Sunday, November 27, 2011

Why Can't We All Get Along?

If you read my previous post you saw how close I am to my cousin who lives in New York. As the post noted, she was a journalist for CBS News.  Our family is somewhat conservative. She is more liberal, in part as she tells me, because as a journalist she has witnessed so much first hand.  I can certainly understand that. 

My cousin is very kind and invited me to spend Thanksgiving with her and her family. Every night my cousin and I would talk politics and public policy.  Few things are more invigorating than a lively and intelligent current affairs discussion with someone well informed and passionate.  My cousin is that kind of person. We can disagree (we do) and not be disagreeable. I find that my thought process is much sharper after a good exchange of ideas and policy alternatives.

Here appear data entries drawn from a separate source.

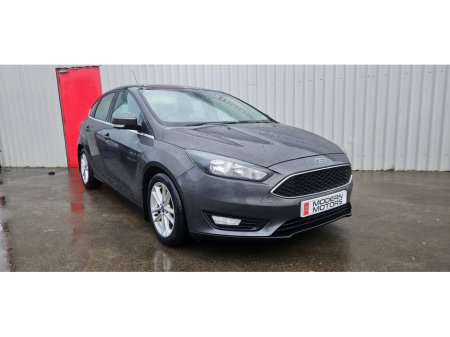 2015 Ford Focus ZETEC eco 100bhp very low miles €8,950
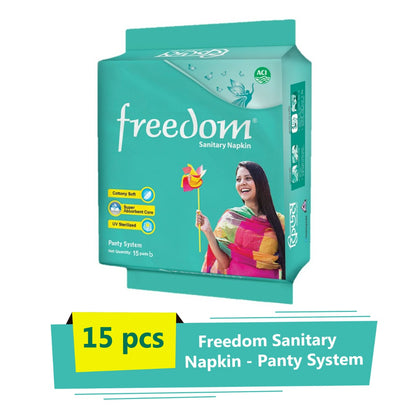 Freedom Sanitary Napkin - Panty System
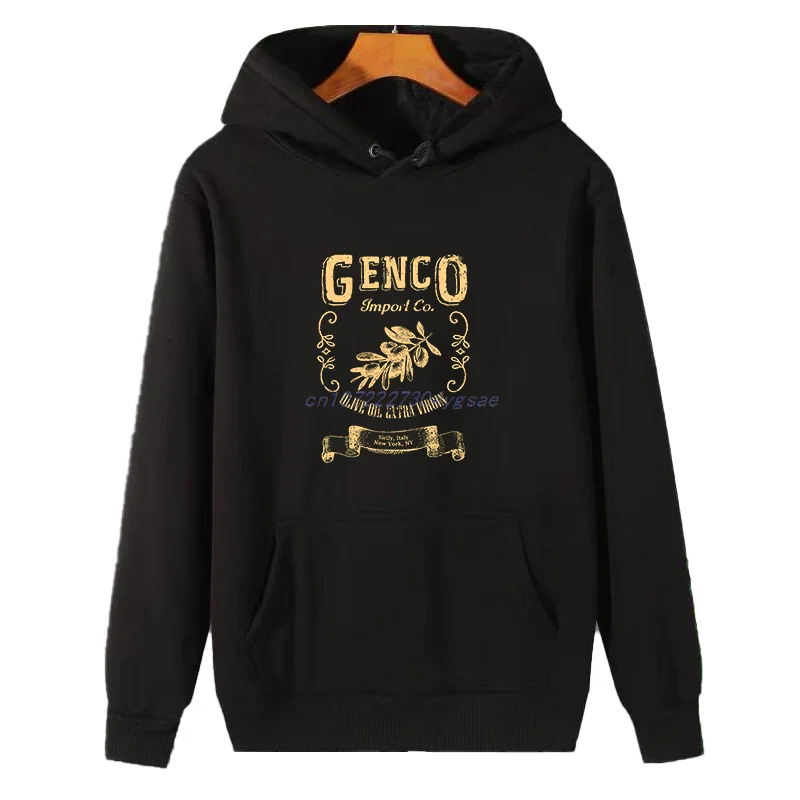 Genco Import Company Olive Oil Fashion Winter Essentials Hoodie Hooded Sweatshirt Sweaters New In Sweatshirts Thick Sweater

My mother used to ask why is the political process so harsh, why can't we do what is right and why is it so partisan.

I think I now know the answer.  It became very clear to me as I talked to my cousin.  Reasonable and intelligent people can disagree on the goal and the best way to reach the goal. Both sides think they are right.  In all actuality, only one side truly wins.

We hear alot about the need for bipartisanship and compromise.  In my study of the political process (at least lately) compromise is not necessarily about getting half or a quarter of the loaf, it is about the losing side softening the edges of a new law as much as possible. In other words, how can the minority amend new legislation that allows for the least amount of negative impact to their constituents and supporters.

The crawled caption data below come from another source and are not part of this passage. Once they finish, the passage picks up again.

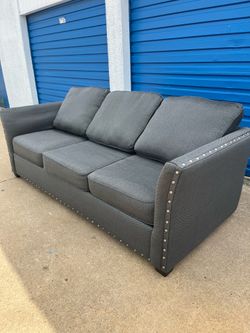 BLACK/GREY AMAZING COUCH
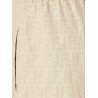 FF cotton and linen trousers
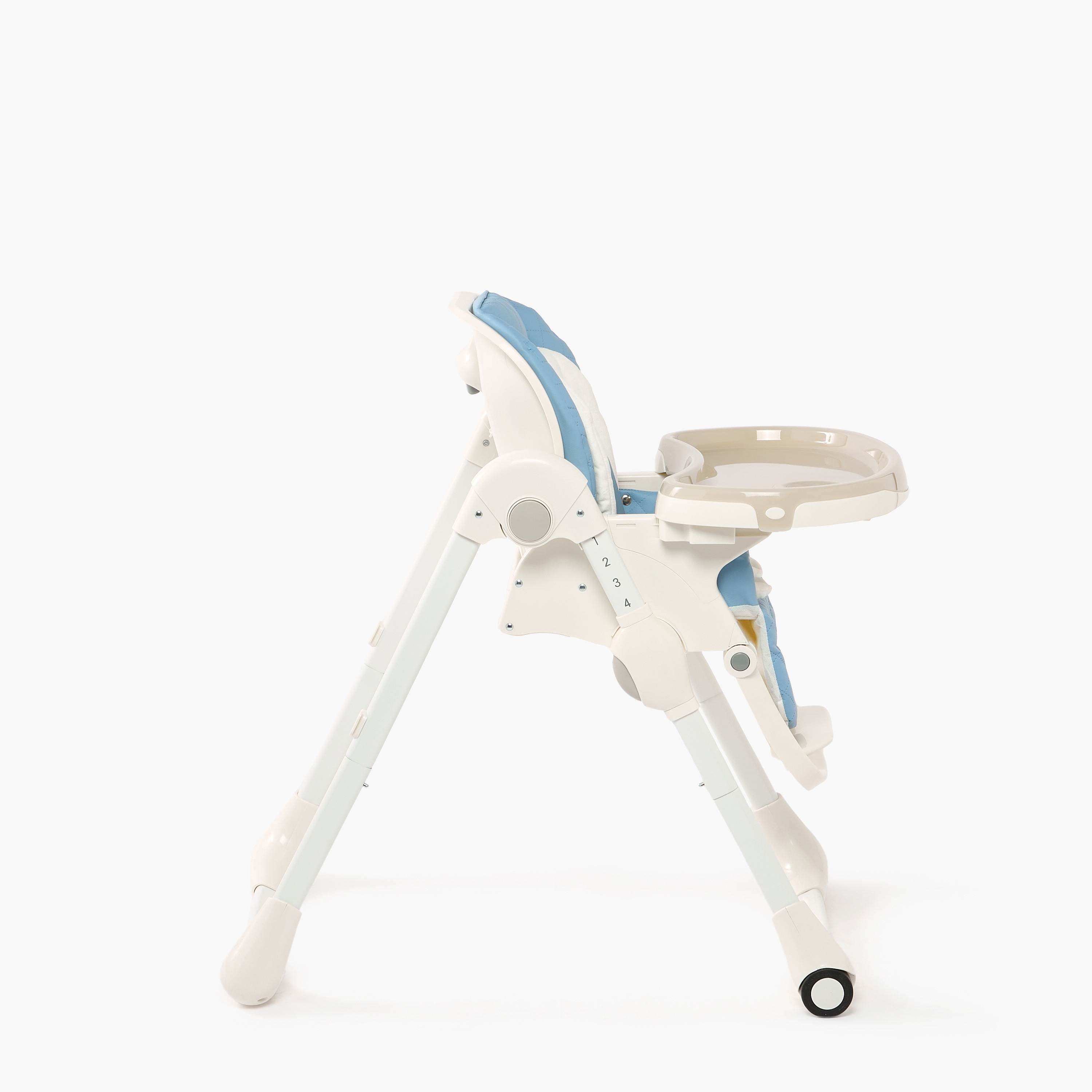 Giggles Lowel High Chair with Removable Tray and Wheels-baby-feeding-highchairsandboosters-image-6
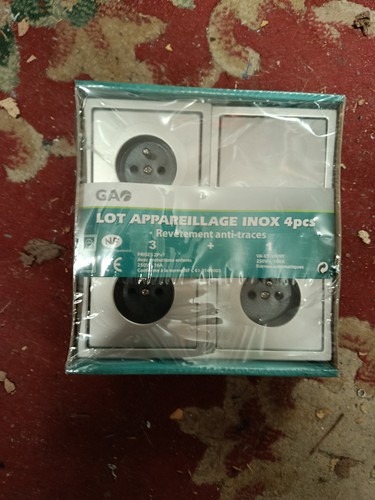 Kit appareillage electrique - appareillage, electrique,x3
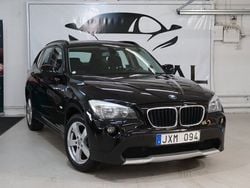 Svart Begagnad 2011 BMW X1 SUV | 84 900 kr (Bra pris)
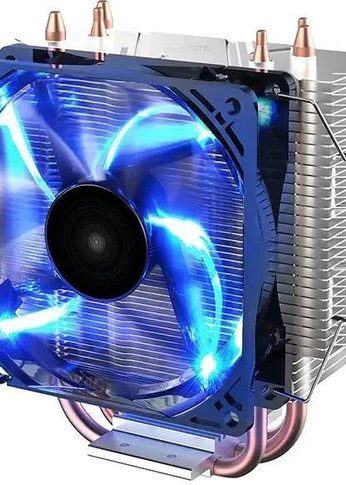 Устройство охлаждения(кулер) Deepcool GAMMAXX 300 FURY Soc-AM4/1151/1200/1700 4-pin 18-21dB Al+Cu 130W 435gr LED Ret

Any new and sweeping legislation creates a different set of winners and losers.  At least to me, this is why we have such fierce partisanship.  No one wants to be on the losing side.   

Will it get any better? No, I think not.  That is not necessarily bad.  We must realize the U.S. House is very much run by the majority and if the majority has the votes, it can get through any bill without even consulting or working with the minority. The U.S. Senate is structured around giving the minority to shape or influence legislation. This is usually done by knowledge of the rules and the filibuster. 

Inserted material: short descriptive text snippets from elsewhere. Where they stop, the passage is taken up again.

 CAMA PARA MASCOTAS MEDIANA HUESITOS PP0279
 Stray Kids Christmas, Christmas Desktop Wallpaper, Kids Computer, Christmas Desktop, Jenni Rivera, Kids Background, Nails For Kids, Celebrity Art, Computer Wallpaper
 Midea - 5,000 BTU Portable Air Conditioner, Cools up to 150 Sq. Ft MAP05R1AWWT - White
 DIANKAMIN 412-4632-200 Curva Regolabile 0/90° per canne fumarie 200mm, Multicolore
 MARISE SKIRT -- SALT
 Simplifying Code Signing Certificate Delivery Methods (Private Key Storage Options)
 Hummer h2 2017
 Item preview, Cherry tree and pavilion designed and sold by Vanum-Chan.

That type of structure makes it much harder to agree on the goal and way to get to the goal. Congress holds hearings and you can see people who testify have totally different ideas on what should be done and how. 

Our founding fathers thought long and hard before they came up with our structure of government.  So far, it has worked well for the United States with several changes like allowing women to vote, the election of U.S. Senators by direct vote instead of each state legislature,and lowering the voting age. 

So why can't get along? As I wrote earlier, high stakes and no one wants to lose.